This year, Teixeria picked Mucho Macho Man to win, Animal Kingdom to finish second and Dialed In to show.

"I know those will be the favorites, but everyone else is kind of grouped into the same category," he said. "Mucho Macho Man I know is going to be up there; I've just been hearing a lot about him. But you have to root for Animal Kingdom. I think it's so cool, I really do; any horse that wins the Derby, I root for to win the Preakness just because you want to see a Triple Crown winner sometime again."

Joba Chamberlain hasn't been to a thoroughbred racing track, but a friend of his is a harness racing driver, and he's watched standardbreds race before.

"It's fun to see the horses and what goes into it, and I like to watch," he said. "I'd love to go to the Derby."

Swisher was by far the most confident of the players.

"If you let me see the name, I'll pick you your winner," he said.

Back when the slugger was growing up in West Virginia, his family used to have horses. He said his wife, Joanna Garcia, owns horses in Los Angeles, and the couple likes to do a little trail riding to relax.

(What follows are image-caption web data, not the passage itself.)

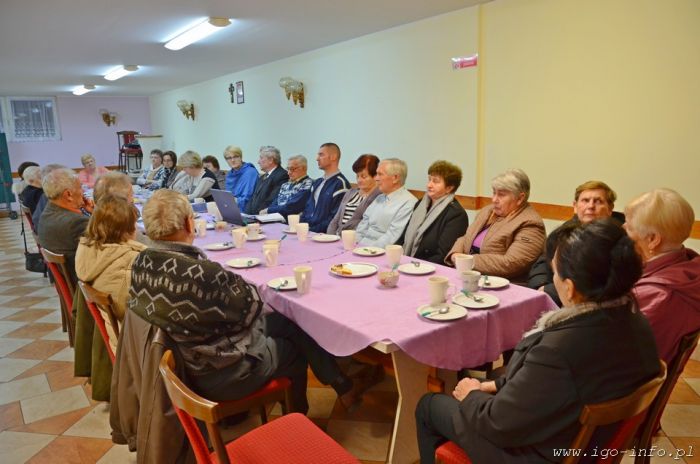 Seniorzy słuchają o zdrowiu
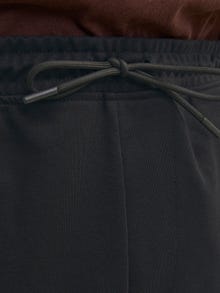 Jack & Jones Tihedalt liibuv lõige Regular fit Lühikesed püksid -Black - 12253729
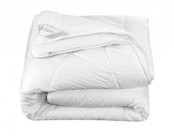 Vriendelijk geprijsd 4-seizoenen synthetisch dekbed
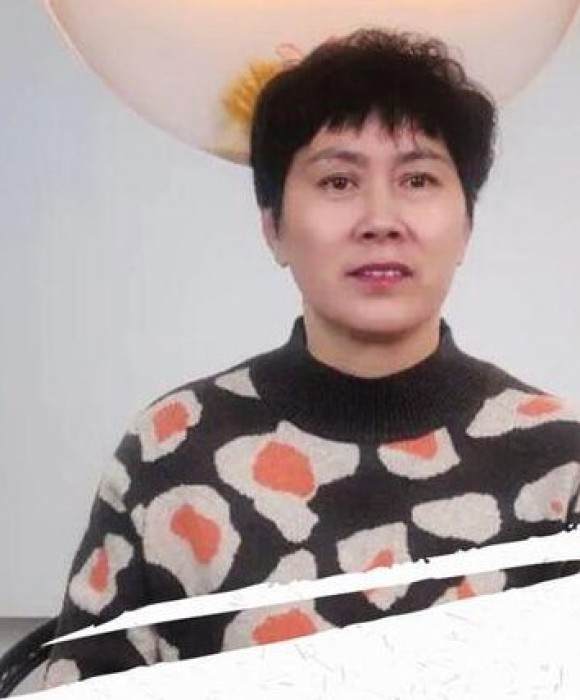 紫砂艺人季玉凤，民间实力派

"I've been to little tracks but never a major race," Swisher said. "Maybe when I'm done I'll get a chance to go out there. But a lot of our coaches love horses racing; a lot of the guys do. Our strength coach, Dana Cavalea, loves horse racing. What's so bananas is the amount of people that go to those things. And these big races take you back to when horse racing was more popular."

He picked Animal Kingdom to win, Mucho Macho Man to run second and Midnight Interlude to finish third, because "Anybody that wears that outfit on the horse definitely deserves to finish in the money."

"The crazy thing about it is -- athletes, actors, musicians -- people never really get to see the other side of them besides just what they do," Swisher said. "To me, horse racing is a sport; it's something you ought to pay attention to."